Each line below with the word "guys" needs to be copied.
[[ Supplied material open ]]
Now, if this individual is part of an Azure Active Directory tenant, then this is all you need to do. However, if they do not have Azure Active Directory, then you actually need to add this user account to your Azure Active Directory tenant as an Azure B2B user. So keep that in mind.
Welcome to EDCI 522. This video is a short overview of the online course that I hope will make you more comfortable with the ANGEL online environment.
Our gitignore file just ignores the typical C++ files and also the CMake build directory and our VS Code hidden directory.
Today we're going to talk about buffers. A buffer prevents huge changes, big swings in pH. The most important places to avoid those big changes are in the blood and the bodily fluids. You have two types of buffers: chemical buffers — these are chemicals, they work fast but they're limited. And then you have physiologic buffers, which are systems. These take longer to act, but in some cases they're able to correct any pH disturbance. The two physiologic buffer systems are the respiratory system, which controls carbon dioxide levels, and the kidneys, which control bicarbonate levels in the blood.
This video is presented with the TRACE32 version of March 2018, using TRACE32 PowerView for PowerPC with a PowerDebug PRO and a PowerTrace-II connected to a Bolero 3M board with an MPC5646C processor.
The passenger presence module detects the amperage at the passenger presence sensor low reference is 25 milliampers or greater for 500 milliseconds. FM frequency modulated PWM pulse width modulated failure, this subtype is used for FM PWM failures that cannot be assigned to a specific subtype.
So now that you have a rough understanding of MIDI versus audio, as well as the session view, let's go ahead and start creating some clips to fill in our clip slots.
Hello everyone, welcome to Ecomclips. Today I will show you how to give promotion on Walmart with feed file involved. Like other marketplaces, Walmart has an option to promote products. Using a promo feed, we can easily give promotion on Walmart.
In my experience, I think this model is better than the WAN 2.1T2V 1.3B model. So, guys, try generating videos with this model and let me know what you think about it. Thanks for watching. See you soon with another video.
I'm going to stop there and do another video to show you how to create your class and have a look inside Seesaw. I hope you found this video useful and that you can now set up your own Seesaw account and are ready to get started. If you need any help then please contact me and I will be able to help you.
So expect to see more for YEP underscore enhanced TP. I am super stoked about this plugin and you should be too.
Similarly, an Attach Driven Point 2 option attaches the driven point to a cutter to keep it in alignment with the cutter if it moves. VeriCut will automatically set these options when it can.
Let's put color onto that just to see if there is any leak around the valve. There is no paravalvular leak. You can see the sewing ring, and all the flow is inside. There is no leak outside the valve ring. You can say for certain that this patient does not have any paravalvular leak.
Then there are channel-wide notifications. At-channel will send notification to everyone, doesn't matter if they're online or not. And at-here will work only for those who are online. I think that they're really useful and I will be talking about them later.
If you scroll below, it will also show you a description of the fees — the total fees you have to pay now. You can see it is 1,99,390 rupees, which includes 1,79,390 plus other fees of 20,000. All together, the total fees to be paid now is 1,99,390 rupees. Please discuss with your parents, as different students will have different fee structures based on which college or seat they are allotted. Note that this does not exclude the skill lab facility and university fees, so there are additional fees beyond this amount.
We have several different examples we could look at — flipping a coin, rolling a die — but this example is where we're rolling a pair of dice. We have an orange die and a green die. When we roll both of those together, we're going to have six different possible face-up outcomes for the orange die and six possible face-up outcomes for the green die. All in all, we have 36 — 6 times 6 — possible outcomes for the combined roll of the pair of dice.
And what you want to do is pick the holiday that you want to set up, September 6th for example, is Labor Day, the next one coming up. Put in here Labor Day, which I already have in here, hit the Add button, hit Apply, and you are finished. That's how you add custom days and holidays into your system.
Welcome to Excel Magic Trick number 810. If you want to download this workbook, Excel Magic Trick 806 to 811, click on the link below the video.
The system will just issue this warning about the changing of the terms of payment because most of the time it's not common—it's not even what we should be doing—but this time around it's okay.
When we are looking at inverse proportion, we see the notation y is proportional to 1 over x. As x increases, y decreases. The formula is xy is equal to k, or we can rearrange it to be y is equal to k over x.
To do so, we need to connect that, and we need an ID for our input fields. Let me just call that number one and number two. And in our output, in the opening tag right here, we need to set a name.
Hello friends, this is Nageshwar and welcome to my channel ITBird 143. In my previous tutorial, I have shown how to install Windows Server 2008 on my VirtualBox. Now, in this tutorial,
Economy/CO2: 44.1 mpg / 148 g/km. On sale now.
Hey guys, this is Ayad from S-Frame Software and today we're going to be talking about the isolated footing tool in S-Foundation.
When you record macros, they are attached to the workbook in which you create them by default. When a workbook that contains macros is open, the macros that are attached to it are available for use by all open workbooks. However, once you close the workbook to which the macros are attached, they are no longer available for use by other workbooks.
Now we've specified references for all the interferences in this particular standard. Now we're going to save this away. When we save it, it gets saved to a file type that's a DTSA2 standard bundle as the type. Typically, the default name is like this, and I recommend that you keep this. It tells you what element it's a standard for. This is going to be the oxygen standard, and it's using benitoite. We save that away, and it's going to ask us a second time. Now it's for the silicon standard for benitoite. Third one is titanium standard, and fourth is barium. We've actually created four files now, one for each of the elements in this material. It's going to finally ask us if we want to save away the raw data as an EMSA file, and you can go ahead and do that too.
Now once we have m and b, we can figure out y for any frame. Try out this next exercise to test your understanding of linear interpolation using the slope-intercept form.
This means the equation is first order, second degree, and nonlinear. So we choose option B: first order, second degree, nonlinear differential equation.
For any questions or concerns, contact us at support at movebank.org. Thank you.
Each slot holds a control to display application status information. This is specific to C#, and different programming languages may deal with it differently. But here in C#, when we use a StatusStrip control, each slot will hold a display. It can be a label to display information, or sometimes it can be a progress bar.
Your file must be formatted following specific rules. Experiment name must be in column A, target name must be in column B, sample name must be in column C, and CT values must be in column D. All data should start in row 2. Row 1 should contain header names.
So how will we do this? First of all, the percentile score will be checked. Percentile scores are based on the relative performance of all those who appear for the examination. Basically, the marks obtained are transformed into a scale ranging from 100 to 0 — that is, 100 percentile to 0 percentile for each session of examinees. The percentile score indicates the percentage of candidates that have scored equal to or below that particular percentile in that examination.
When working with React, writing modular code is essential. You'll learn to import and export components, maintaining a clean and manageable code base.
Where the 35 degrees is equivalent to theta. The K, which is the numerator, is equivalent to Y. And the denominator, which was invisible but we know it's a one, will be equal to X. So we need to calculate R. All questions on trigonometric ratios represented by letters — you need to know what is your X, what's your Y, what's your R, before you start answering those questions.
[[ Supplied material closed ]]
Written reply:
In my experience, I think this model is better than the WAN 2.1T2V 1.3B model. So, guys, try generating videos with this model and let me know what you think about it. Thanks for watching. See you soon with another video.
Hey guys, this is Ayad from S-Frame Software and today we're going to be talking about the isolated footing tool in S-Foundation.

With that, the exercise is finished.